As usual with financial experts who retail in investment "secrets," the question is this: Are the remedies for real, or are they snake oil? At the urging of several readers, I decided to check out what category Bank on Yourself falls into.
Yellen's book says that more than 100,000 Americans of all ages and backgrounds are already using her method. Her book makes two primary claims. She says people can:
- Get back every penny they pay for major purchases
- Spend and grow wealthy
Sound too good to be true? Many people have expressed skepticism, including personal finance personalities such as Suze Orman and Dave Ramsey. Yellen dismissal of such doubts is summed up in an entertaining cartoon, claiming she is is offering "financial secrets [financial services companies] don't want you to know." I approached this investigation in that spirit, prepared to assess -- and to buy -- the products she recommends under the Bank on Yourself method.
Bank on yourself method
One aspect of the book I immediately sympathized with was its stinging critique of Wall Street. Yellen is nothing if not scathing in her description of the financial services industry, which played a starring role in the housing crisis. Yet that perspective, however accurate and in tune with the widespread popular antipathy toward bankers, doesn't conceal the book's lack of detail in supporting its extravagant claims.

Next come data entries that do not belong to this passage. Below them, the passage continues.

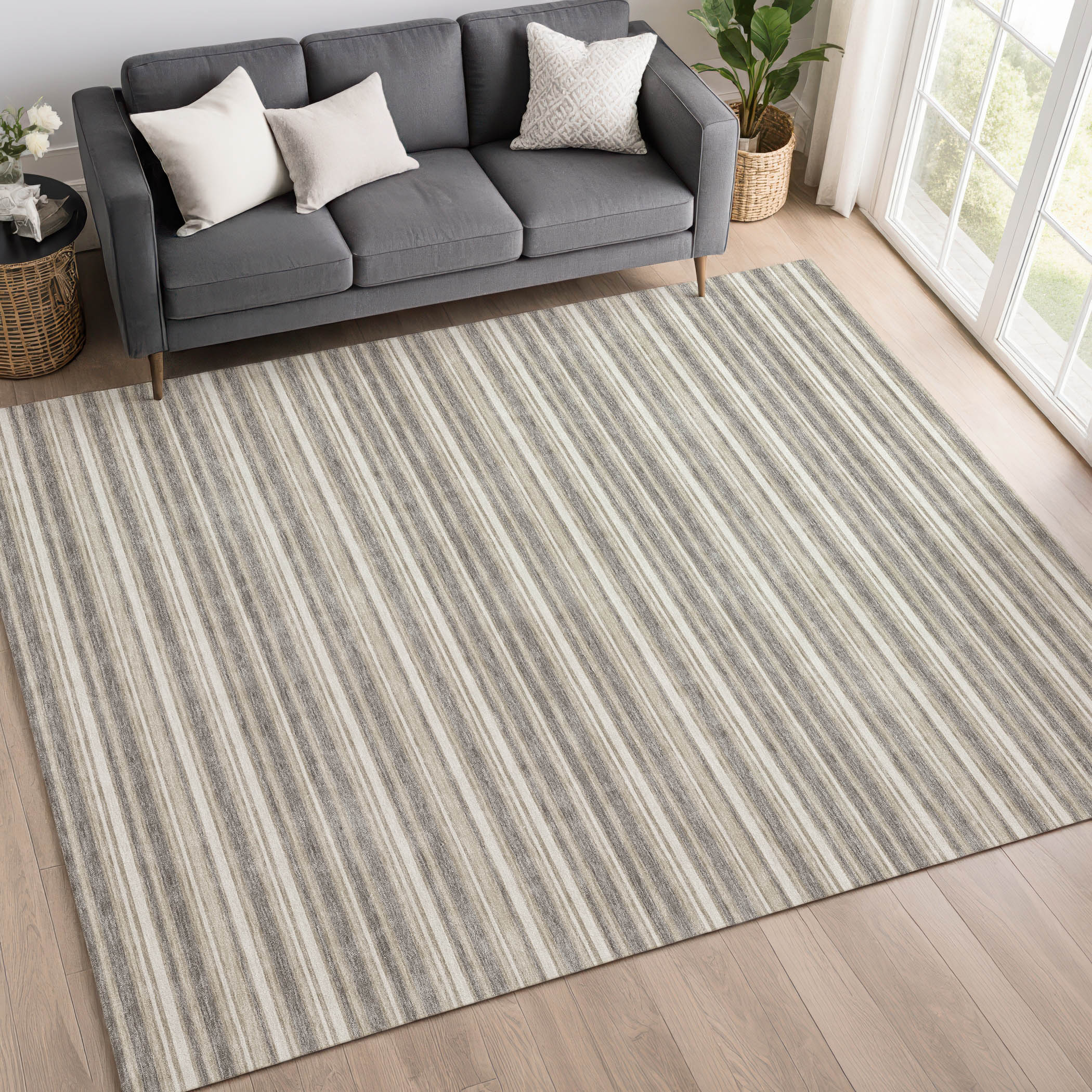 Dalyn Soft Essentials SE2 Taupe Area Rug Room Scene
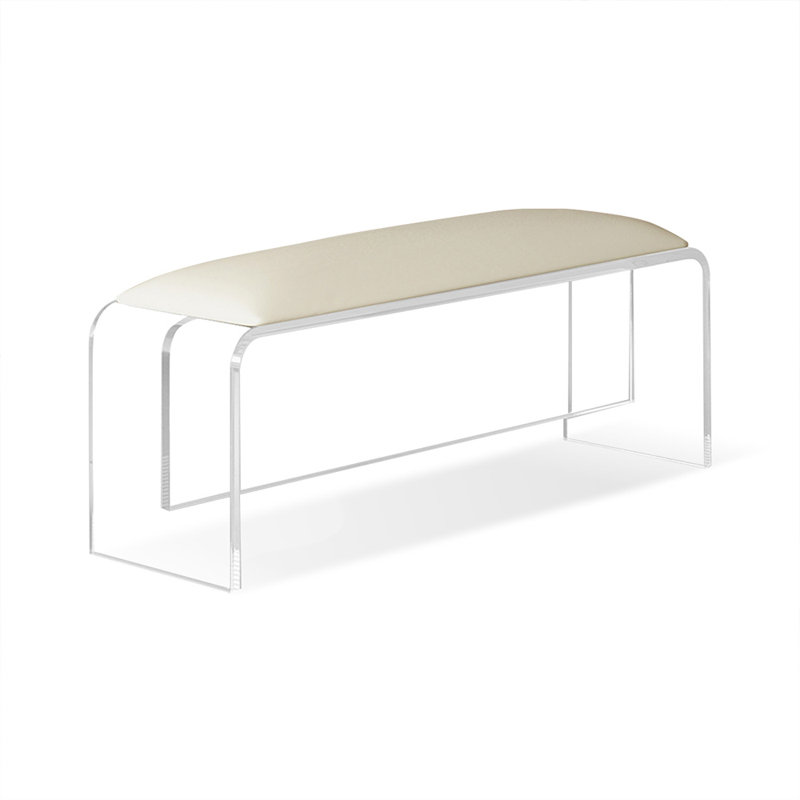 Beige Upholstered Leather Bedroom Bench With Entryway  Bench, Beige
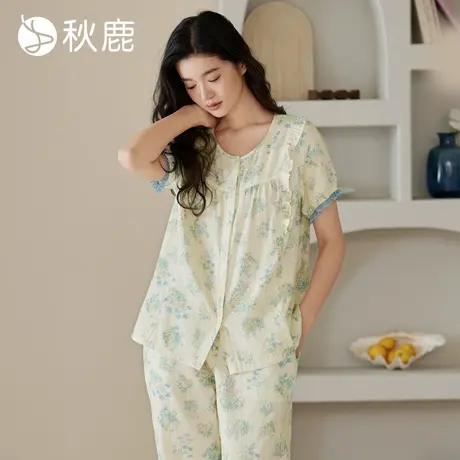 秋鹿婴儿肌触感透气吸汗柔软抗皱双层纱梭织纯棉睡衣女短袖家居服商品大图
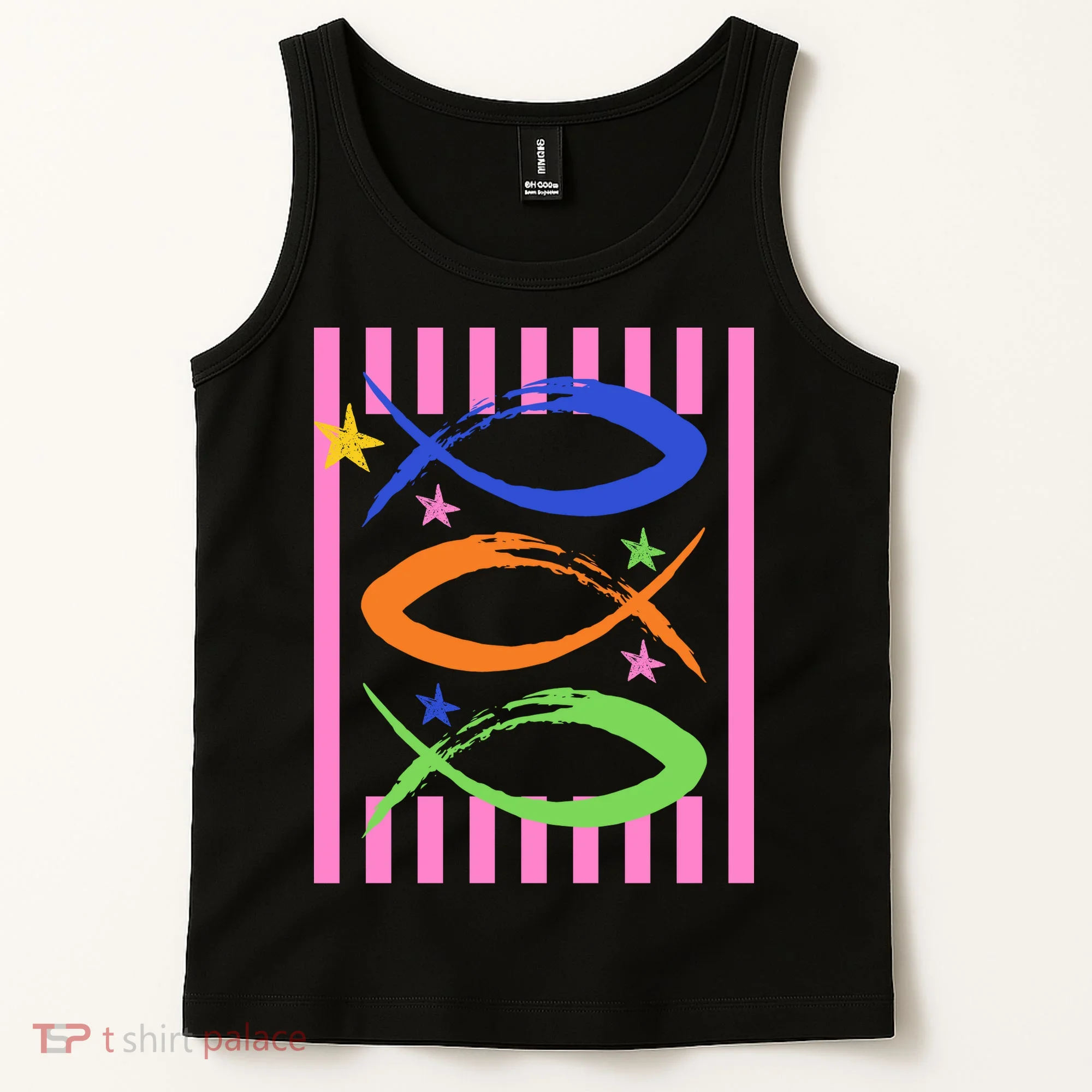Christian Fish Symbol Striped Retro Tank Top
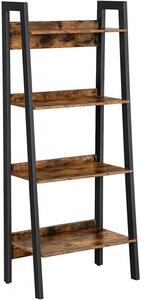 Raft tip Scară Model Viviana, Maro rustic/Negru, 56x34x137.5 cm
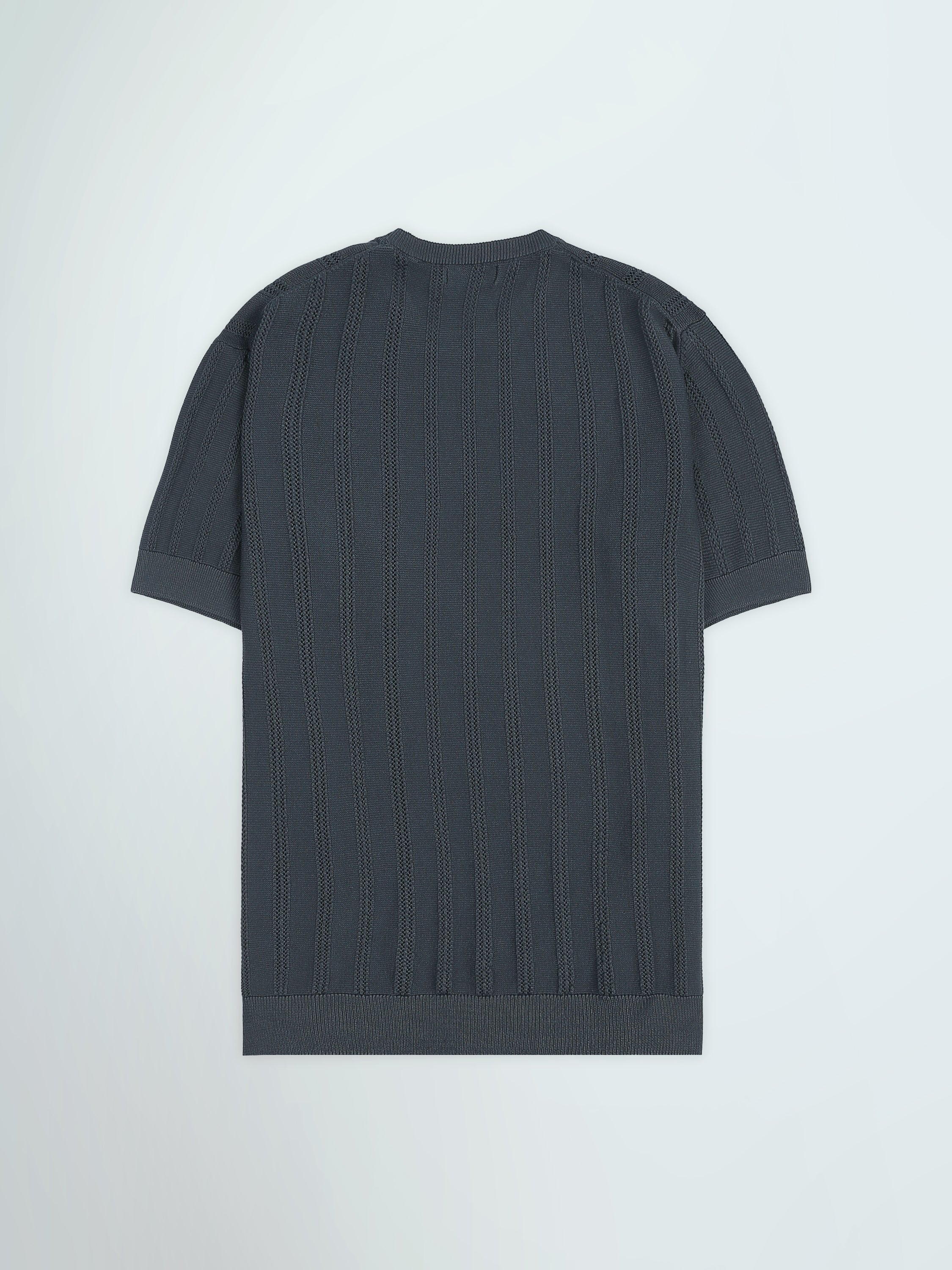 T-Shirt Homme en Maille Texturée à Rayures Verticales - TSH26S20000010TM1
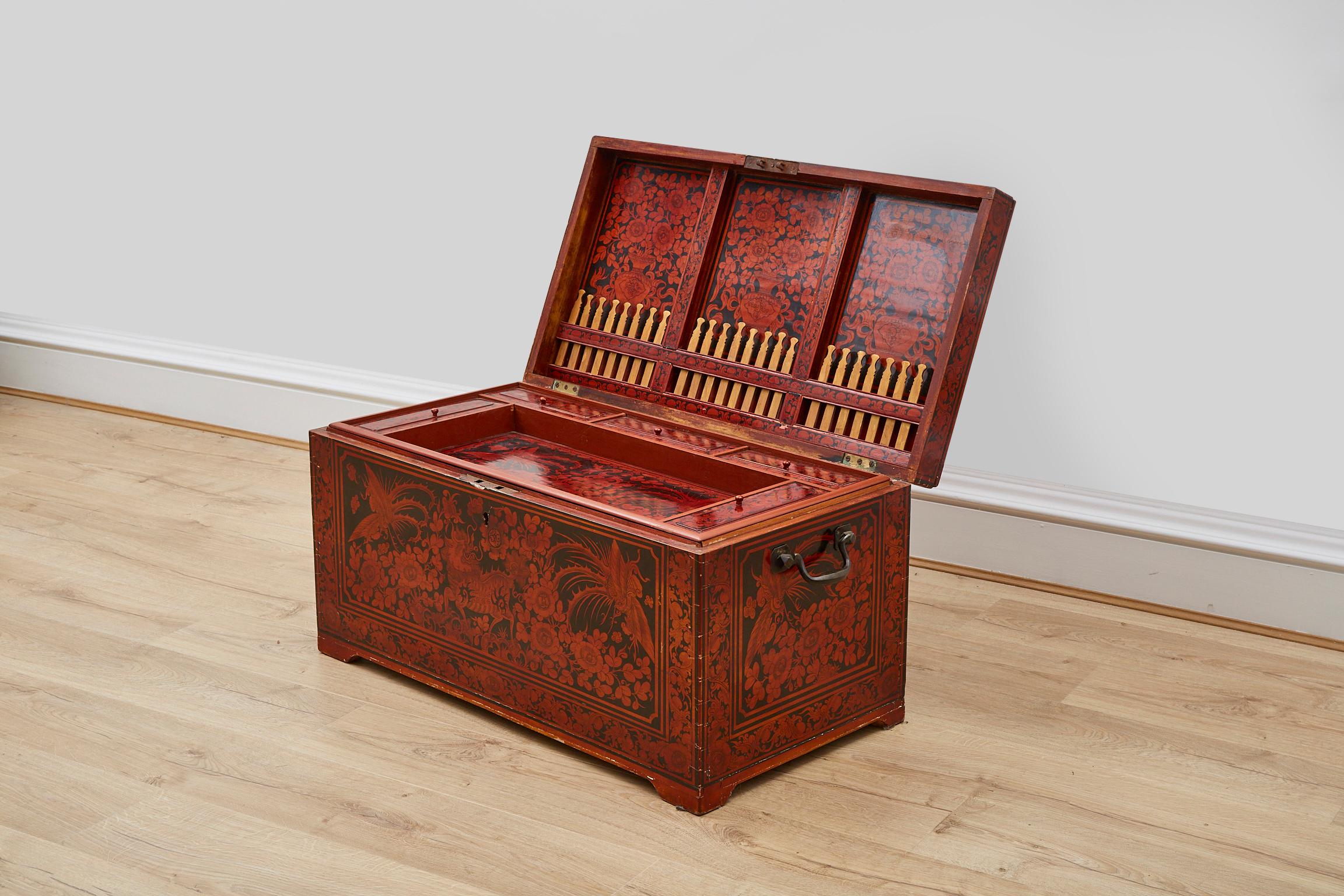 20th Century Red Lacquered Painted Chinese Trunk with Compartments and Counters Early 20th C.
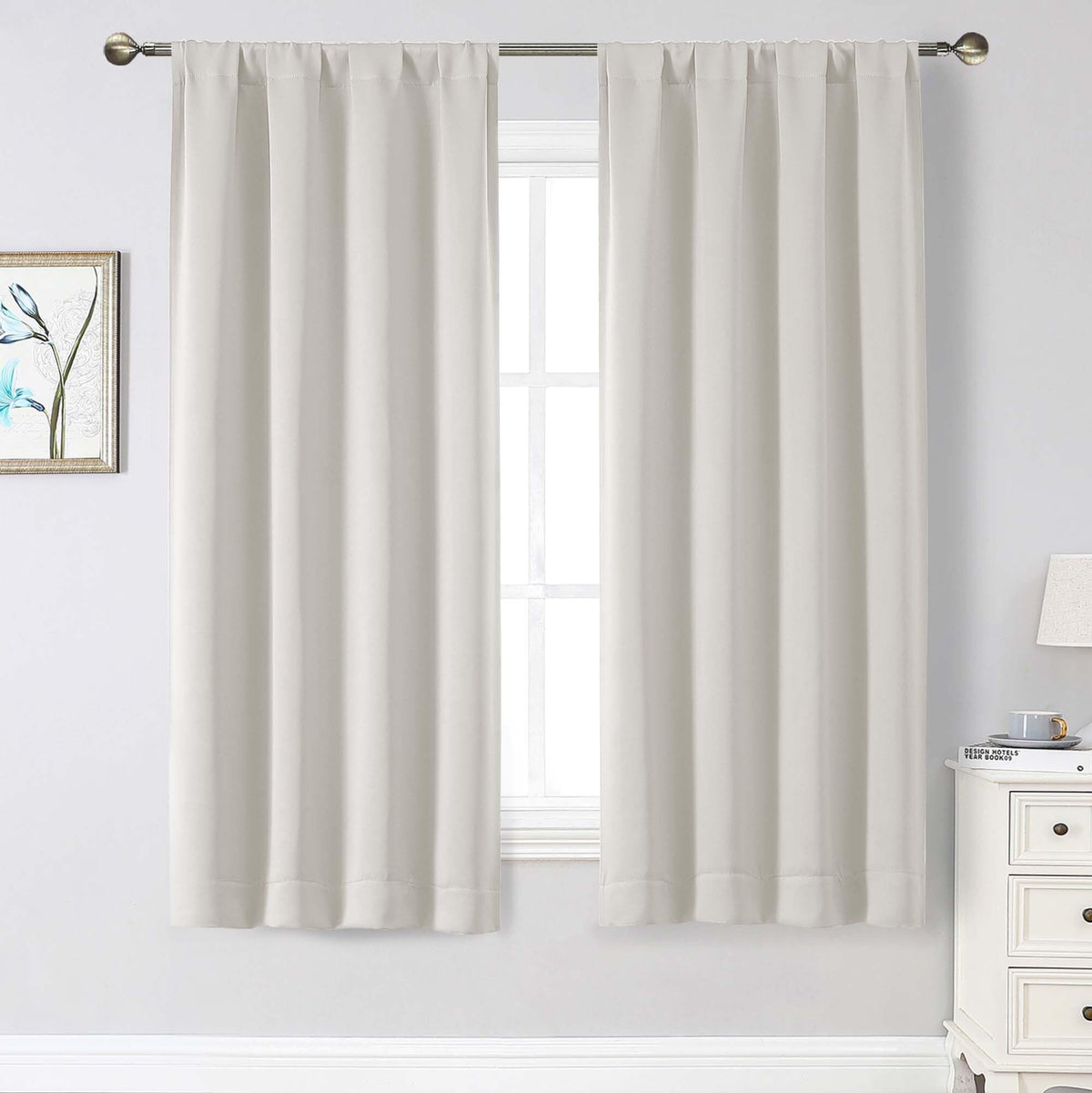 Black Cafe Blackout Curtains 36 Inch Length 2 Panels Set, Soft Solid Thermal Insulated Room Darkening Small Window Curtains for Kitchen Bathroom Basement, Black, Each, 40" Wx36 L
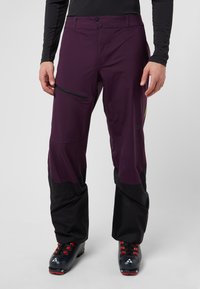 Pantaloni da sci da uomo in viola e nero. Le caratteristiche includono due bottoni, una tasca laterale con zip e una vestibilità larga alle caviglie. Il materiale è morbido e resistente.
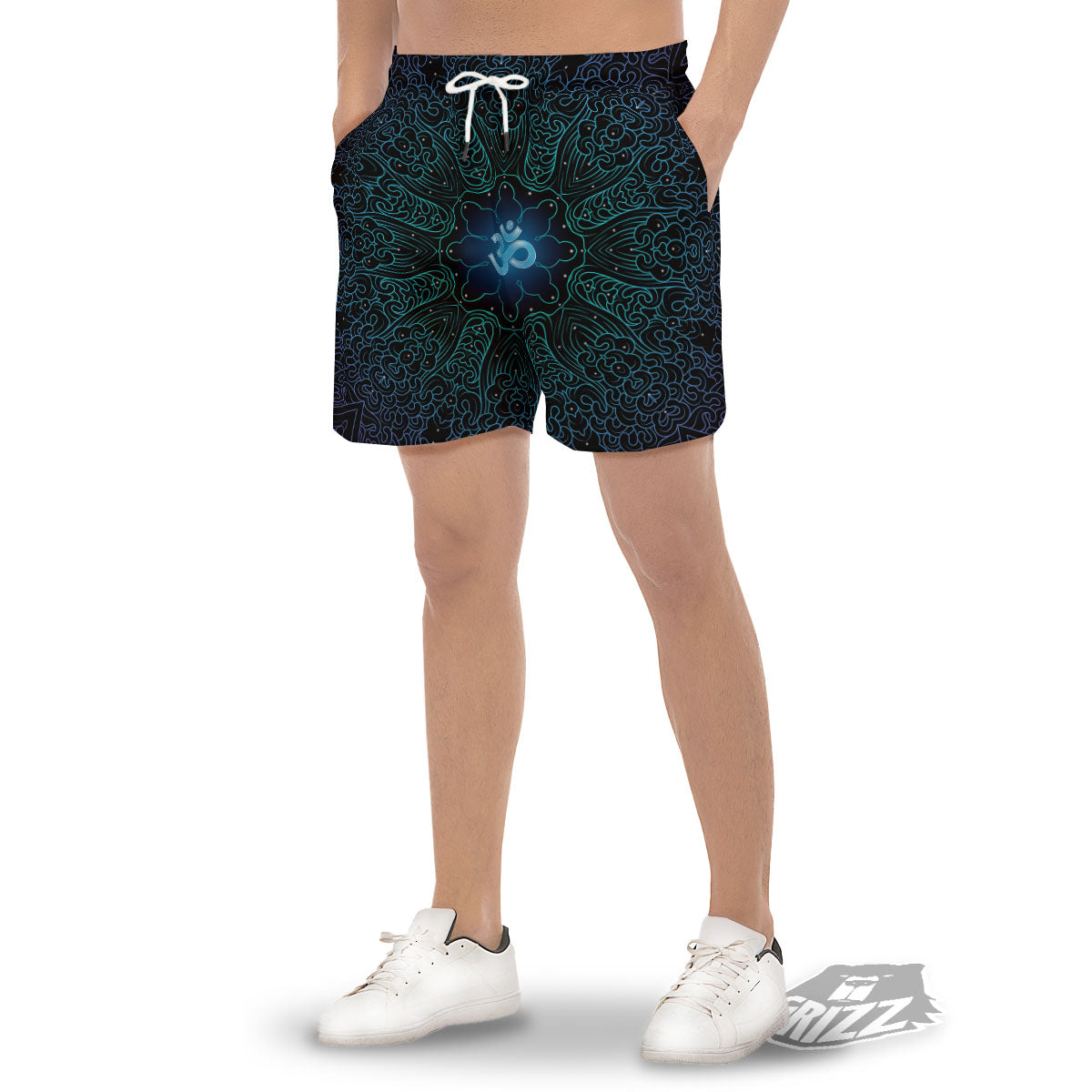 Om Psychedelic Print Men's Gym Shorts-grizzshop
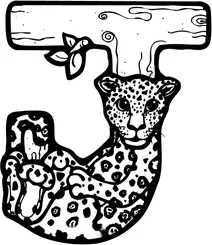 Літера j починає слово “jaguar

For instance, the 2009 book promotes a particular whole-life insurance product that uses what's known as a "paid-up-additions" rider. Whole-life, as it's called in the trade, is a type of permanent life insurance that also lets policyholders withdraw cash while they're alive. The paid-up-additions rider is essentially a way to put more cash into the policy than the basic required premium.
As the book describes, I could build up the cash value in the policy and then borrow against it to finance major purchases, such as a new car. I would then repay the principal and interest from my borrowings, as well as pony up some extra cash in the form of the paid-up-additions rider. Yellen's book stated that, despite taking out what amounts to a hefty loan, readers can recoup every penny of their purchases.
Bank on Yourself put to the test
After reading the book, my wife and I met with a Bank on Yourself authorized agent in our home. I told him I was sick of market volatility and wanted to be able to spend money today without eating into our retirement income. In short, I said I wanted to "have my cake and eat it, too" ("Exactly!" he responded.) I also said I would refer clients to the agent if Bank on Yourself worked as well as advertised. I made only one demand at that initial meeting -- I needed to see the numbers.
A couple of weeks later, the agent presented illustrations outlining three different whole-life policies. The illustrations are essentially spreadsheets, detailing exactly how much money I put into the policy and how that money grows over time. The agent recommended I buy two policies on myself and one on my wife. He had prepared two different illustrations for each policy, with hundreds on numbers on each. Under two of the policies, my wife and I would be borrowing $30,000 two different times to purchase a car over the next decade. We would then pay it back. The insurance would be from Lafayette Life Insurance, a seemingly solid, highly rated mutual insurance company.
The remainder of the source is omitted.